Drink Locally

I Want Candy!

No, it’s not good for you. Deal with it.

By John Chandler March 17, 2009

Right off the bat, I gotta say the tawdry logo for this place had me thinking it was an escort service. An open, heavily lipsticked mouth forms the letter “C” which is followed by “andy” in a breathless, seductive script.

Candy is a high-gloss bistro that opened two weeks ago in the old Mercado location in the Pearl. The interior look is pure futuristic Vegas sports bar (March Madness enthusiasts could do worse), but it just as easily could have been a bar designed for Tom Hanks’s character in Big. The booths come with 20-inch touch-screen monitors for your surfing and gaming enjoyment, and the menu is loaded with all manner of beguiling junk. If you’re feeling ambitious, you can build your own pizza. Or assemble your own burger. I didn’t see any of the customers puttering about in the kitchen, so I would assume this means you can ask for whatever ingredients you want.

But it’s the drink menu that really looks to lure in the whipper-snappers. Like the witch’s gingerbread condo in Hansel and Gretel, it all appears to be super-duper yummy deleesh—with just a whiff of evil lurking beneath the frosting and whipped cream. I’m not sure what I was thinking when I ordered the Death By Twinkie, a towering milkshake with a golden sponge cake crumbled into it, accompanied by a heavy pour of Bacardi, but I punished the bastard. Everyone who walked by stared at me as if I was deranged, and one of my friends announced, “That looks disgusting.
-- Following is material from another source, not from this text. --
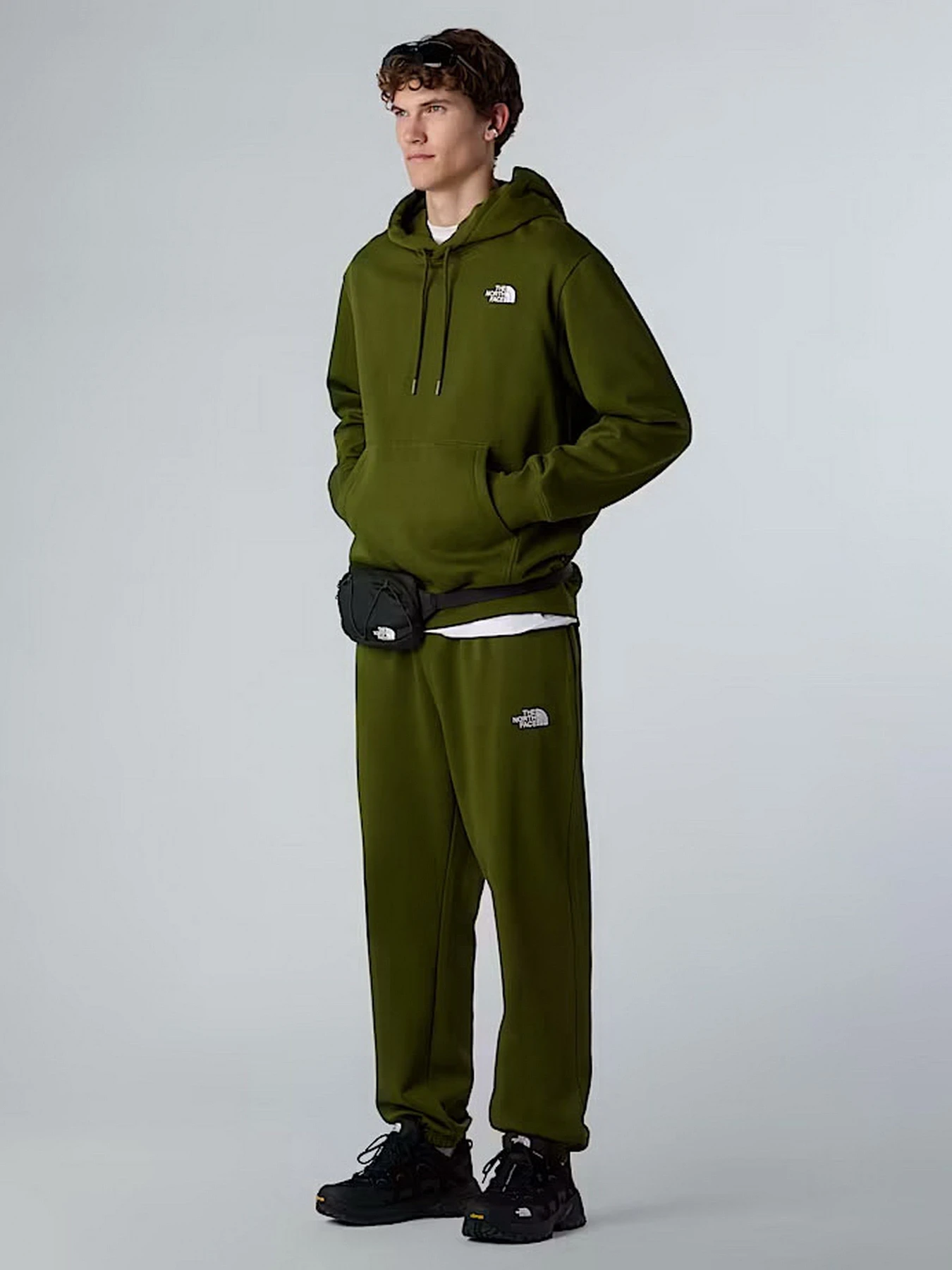 Брюки The North Face Essential модель NF0A8C1FBRI1 Брюки The North Face Essential модель NF0A8C1FBRI1 Фото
You’re not going to drink it are you?”

Well, uhm, yes. I loved every teeth-aching slurp of that hideous parfait. Yes, I realize I was taking three months off my life expectancy. And I’d do it again! No, I will not become a regular. But who among us has not spent a day raging over spreadsheets and infernal deadlines, dreaming of a big boozy milkshake? Pacify your inner child and engage your outer lush at the same time!
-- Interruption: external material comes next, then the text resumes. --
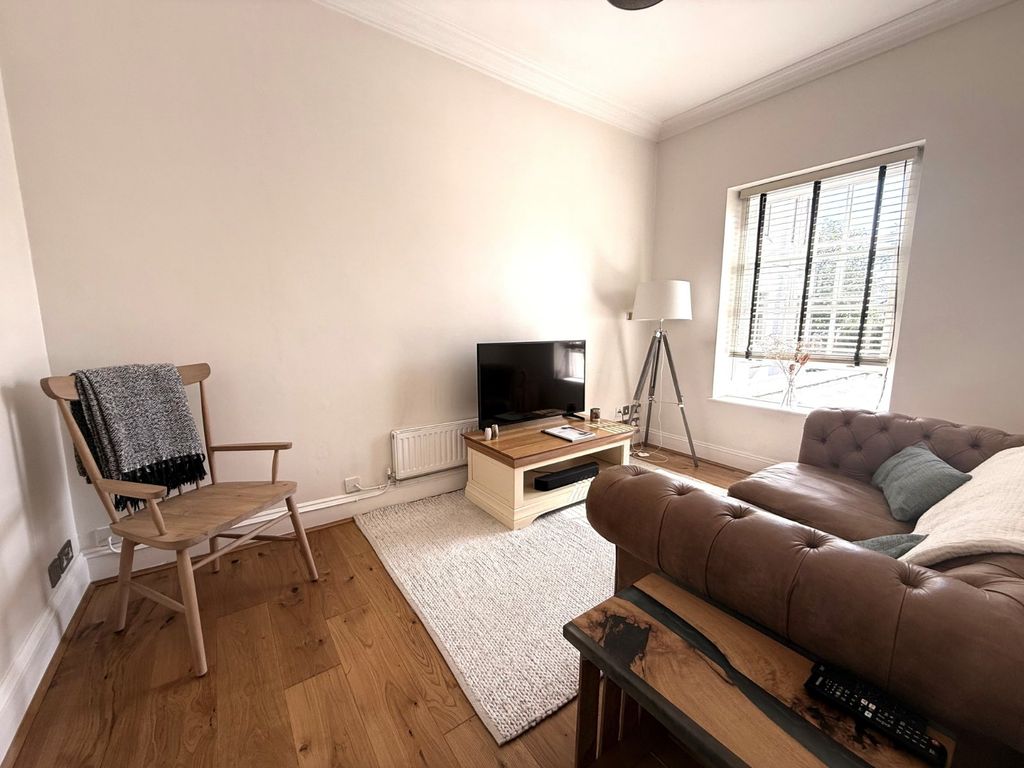 Property photo 3 of 7 Picture No. 08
The fresh-cut potato chips delivered an earthy crunch, but my friend’s Fountain of Youth (Grey Goose, elder flower liqueur and acai juice) was left untouched after a few exploratory sips. “Too sweet,” she grimaced. Indeed, if you’re lacking a sweet tooth, the drink menu has little to recommend it: the Candy Apple, Sour Caramel Apple, White Chocolate Martini, Lemon Head, and Cherry Cordial are some of the more bizarrely saccharine options.

I didn’t care, though. I was thoroughly engrossed in trivia challenge on the touch-screen, and a scant nine levels later, it was time to bid Candy a fond farewell.
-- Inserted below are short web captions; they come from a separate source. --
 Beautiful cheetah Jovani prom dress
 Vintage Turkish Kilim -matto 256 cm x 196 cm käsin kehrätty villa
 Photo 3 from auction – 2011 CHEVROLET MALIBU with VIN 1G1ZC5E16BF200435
I’d be lying if I said I liked the place, or dug the concept. It’s a temple of indulgence that caters to our most juvenile impulses. But time passes at Candy. There’s no way you can chug a Death By Twinkie (beware the dreaded ice cream headache), and if you start web surfing you’re surely doomed.

Strangely enough, the menu states that on Friday and Saturday nights, patrons must be over 26 to get in. Is that even legal? I wondered. The waitress assured me the OLCC was fine with it. “We’re trying to cater to an older crowd,” she said.

Hmmm. An older crowd in need of a sugar buzz, perhaps? I hope they realize they’re not going to move many Death By Twinkies over the weekend. That is, unless I’m in the neighborhood.